- WORK INSTRUCTION: In the entries below, count the lines that contain the word "Plastic" and give only that number.

+ + + +

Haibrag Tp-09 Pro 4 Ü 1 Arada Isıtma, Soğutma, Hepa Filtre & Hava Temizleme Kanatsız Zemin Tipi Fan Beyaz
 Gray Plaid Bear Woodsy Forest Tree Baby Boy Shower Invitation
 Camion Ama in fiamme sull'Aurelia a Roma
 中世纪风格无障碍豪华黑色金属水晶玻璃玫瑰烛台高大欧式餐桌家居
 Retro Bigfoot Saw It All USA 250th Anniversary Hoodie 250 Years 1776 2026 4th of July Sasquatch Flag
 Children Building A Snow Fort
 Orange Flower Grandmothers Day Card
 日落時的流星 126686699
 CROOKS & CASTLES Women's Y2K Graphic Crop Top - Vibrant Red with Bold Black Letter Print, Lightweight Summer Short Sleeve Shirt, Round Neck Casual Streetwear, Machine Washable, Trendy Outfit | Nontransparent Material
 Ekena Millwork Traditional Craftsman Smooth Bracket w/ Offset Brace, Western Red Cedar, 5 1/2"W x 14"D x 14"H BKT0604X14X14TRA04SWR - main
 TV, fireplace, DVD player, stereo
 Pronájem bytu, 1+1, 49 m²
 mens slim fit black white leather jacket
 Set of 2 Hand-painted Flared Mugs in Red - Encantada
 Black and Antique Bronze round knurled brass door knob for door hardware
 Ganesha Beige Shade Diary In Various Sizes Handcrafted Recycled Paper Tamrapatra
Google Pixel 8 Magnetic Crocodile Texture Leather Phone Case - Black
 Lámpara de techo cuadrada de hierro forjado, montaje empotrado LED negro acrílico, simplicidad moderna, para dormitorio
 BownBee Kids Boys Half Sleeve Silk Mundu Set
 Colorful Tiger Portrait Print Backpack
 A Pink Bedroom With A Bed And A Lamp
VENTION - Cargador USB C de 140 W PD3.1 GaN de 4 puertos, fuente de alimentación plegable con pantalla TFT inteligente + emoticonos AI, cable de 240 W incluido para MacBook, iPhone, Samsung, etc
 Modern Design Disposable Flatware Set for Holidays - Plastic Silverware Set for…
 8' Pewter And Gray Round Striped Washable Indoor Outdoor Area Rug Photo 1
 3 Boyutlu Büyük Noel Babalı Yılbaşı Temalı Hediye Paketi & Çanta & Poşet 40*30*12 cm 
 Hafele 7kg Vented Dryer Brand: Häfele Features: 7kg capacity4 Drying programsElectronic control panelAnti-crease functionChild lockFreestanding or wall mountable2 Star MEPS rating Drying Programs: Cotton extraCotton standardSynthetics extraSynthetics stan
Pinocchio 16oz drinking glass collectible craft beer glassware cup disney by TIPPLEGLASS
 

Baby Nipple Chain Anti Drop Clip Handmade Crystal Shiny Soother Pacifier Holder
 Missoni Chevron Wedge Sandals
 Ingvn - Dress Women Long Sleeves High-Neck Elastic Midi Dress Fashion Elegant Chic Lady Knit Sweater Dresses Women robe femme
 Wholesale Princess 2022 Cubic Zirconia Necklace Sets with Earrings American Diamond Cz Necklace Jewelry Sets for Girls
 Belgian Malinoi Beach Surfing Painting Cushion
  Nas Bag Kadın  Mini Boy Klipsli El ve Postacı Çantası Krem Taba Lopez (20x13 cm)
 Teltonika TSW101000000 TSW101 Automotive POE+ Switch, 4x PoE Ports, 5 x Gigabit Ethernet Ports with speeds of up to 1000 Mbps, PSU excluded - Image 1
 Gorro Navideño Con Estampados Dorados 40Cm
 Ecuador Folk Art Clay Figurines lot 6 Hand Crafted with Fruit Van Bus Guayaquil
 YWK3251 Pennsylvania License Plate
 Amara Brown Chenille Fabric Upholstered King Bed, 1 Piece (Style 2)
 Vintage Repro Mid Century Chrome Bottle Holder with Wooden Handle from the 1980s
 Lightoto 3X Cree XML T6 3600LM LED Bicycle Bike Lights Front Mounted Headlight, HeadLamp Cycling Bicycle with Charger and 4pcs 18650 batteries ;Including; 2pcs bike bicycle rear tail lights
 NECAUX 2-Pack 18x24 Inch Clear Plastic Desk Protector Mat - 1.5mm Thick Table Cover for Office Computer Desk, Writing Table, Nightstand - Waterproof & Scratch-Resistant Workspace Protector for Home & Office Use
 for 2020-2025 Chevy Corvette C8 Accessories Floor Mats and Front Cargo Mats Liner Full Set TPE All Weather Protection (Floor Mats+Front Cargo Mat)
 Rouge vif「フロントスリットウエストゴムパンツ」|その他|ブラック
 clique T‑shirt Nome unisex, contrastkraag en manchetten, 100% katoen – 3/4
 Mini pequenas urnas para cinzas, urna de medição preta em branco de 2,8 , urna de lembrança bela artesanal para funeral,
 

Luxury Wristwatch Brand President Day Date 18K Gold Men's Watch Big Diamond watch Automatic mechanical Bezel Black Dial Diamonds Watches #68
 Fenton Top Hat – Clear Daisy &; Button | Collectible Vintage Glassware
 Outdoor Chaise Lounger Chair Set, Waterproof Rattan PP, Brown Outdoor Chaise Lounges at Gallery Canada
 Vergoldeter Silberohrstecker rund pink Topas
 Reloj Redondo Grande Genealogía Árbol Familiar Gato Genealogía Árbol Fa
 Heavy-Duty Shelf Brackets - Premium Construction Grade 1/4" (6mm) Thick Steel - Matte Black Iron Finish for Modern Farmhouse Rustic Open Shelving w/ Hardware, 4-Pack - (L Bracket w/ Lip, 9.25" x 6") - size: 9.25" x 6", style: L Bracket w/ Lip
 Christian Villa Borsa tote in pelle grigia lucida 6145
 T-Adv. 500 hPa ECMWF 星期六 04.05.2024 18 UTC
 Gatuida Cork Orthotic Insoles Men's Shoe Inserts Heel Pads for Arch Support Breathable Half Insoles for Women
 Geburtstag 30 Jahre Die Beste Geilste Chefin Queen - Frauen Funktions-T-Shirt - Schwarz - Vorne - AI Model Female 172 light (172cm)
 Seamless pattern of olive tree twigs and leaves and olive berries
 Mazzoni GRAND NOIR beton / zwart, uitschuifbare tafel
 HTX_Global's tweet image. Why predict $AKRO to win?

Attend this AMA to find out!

+ + + +

- EXERCISE RESPONSE: 2